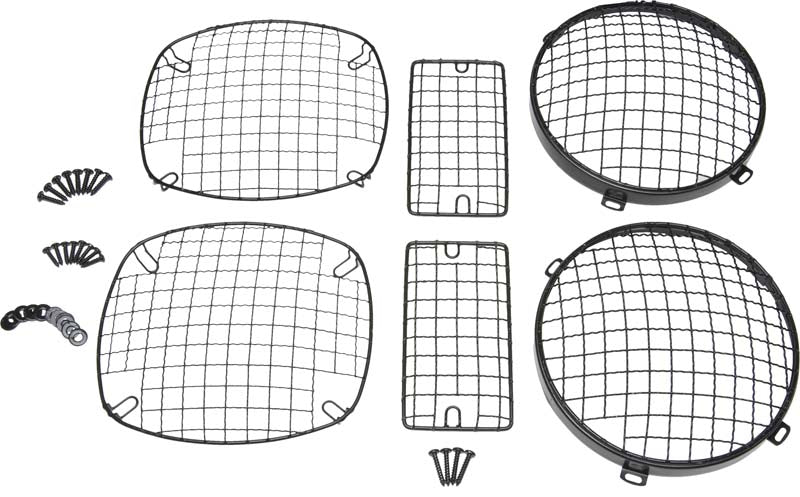 Kentrol 50488 Jeep TJ Wire Mesh Guard Set 6 Pieces 97-06 Wrangler TJ Powdercoat Black Kentrol - Truck Part Superstore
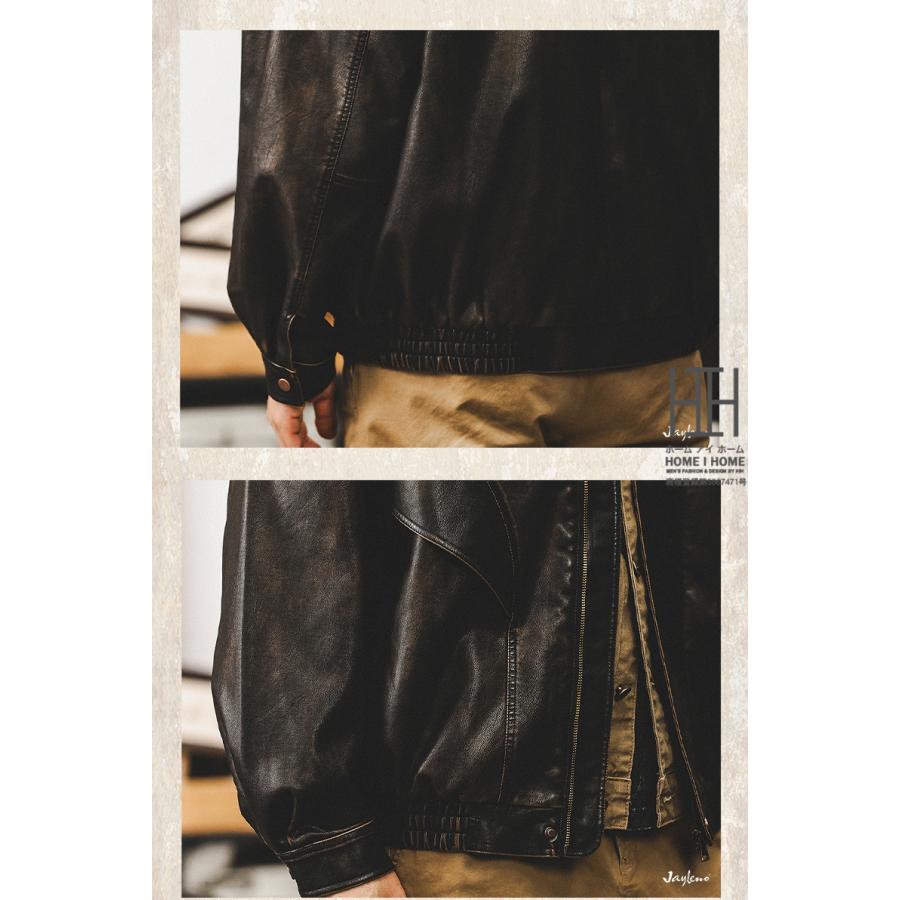レザージャケット メンズ ライダースジャケット メンズ PU フェイクレザー おしゃれ 皮ジャン 革ジャン 大きいサイズ バイクジャケット トラッカージャケット | ホームアイホーム | 10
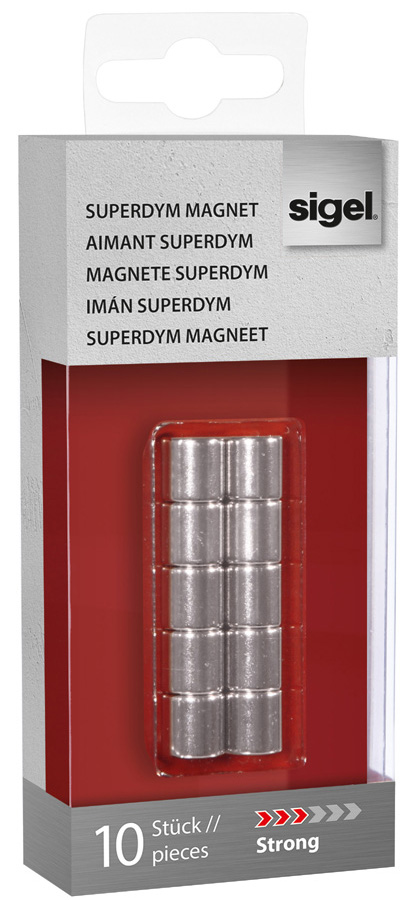 sigel Neodym-Design-Magnete Zylinder , Strong,  C5, 10er Set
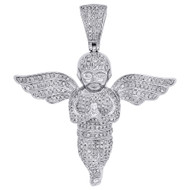 10K White Gold Diamond Praying Hands 3D Angel Pendant 2" Pave Charm 1.50 ct.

Exercise brief: Restate word for word the lines from the one containing "レザージャケット メンズ ライダースジャケット" through the end of the material above, both included, and nothing besides; drop the pictures.

Answer to the exercise:
レザージャケット メンズ ライダースジャケット メンズ PU フェイクレザー おしゃれ 皮ジャン 革ジャン 大きいサイズ バイクジャケット トラッカージャケット | ホームアイホーム | 10
 sigel Neodym-Design-Magnete Zylinder , Strong,  C5, 10er Set
 10K White Gold Diamond Praying Hands 3D Angel Pendant 2" Pave Charm 1.50 ct.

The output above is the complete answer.